Wu Yuezhou, Zhang Siling, Li Pengfei
School of Computer Science, Civil Aviation Flight University of China, Guanghan, 618307, China.
Sci Rep. 2025 Mar 14;15(1):8855. doi: 10.1038/s41598-025-89758-8.
With the widespread adoption of interactive machine applications, Emotion Recognition in Conversations (ERC) technology has garnered increasing attention. Although existing methods have improved recognition accuracy by integrating structured data, language barriers and the scarcity of non-English resources limit their cross-lingual applications. In light of this, the MERC-PLTAF method proposed in this paper innovatively focuses on multimodal emotion recognition in conversations, aiming to overcome the limitations of single modality and language barriers through refined feature extraction and a sophisticated cross-fusion strategy. We conducted extensive validation on multiple English and Chinese datasets, and the experimental results demonstrate that this method not only significantly improves emotion recognition accuracy but also exhibits exceptional performance on the Chinese M3ED dataset, paving a new path for cross-lingual emotion recognition. This research not only advances the boundaries of emotion recognition technology but also lays a solid theoretical foundation and practical framework for creating more intelligent and human-centric interactive experiences.

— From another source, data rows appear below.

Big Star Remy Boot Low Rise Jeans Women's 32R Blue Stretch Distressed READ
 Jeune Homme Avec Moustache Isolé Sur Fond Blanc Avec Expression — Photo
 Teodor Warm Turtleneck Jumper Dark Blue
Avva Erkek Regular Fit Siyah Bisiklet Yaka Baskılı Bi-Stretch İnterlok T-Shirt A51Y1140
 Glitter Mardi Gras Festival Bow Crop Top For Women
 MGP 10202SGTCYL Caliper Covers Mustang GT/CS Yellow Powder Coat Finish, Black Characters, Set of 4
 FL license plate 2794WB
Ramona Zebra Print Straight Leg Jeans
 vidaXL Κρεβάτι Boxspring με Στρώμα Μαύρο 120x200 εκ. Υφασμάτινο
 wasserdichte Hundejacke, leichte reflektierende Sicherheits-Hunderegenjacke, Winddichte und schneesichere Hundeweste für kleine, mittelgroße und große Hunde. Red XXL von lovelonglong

随着交互式机器应用的广泛采用,对话中的情感识别(ERC)技术受到了越来越多的关注。尽管现有方法通过整合结构化数据提高了识别准确率,但语言障碍和非英语资源的稀缺限制了它们的跨语言应用。鉴于此,本文提出的MERC-PLTAF方法创新性地专注于对话中的多模态情感识别,旨在通过精细的特征提取和复杂的交叉融合策略克服单模态的局限性和语言障碍。我们在多个英文和中文数据集上进行了广泛的验证,实验结果表明,该方法不仅显著提高了情感识别准确率,而且在中国M3ED数据集上表现出色,为跨语言情感识别开辟了一条新路径。这项研究不仅拓展了情感识别技术的边界,也为创造更智能、以人类为中心的交互体验奠定了坚实的理论基础和实践框架。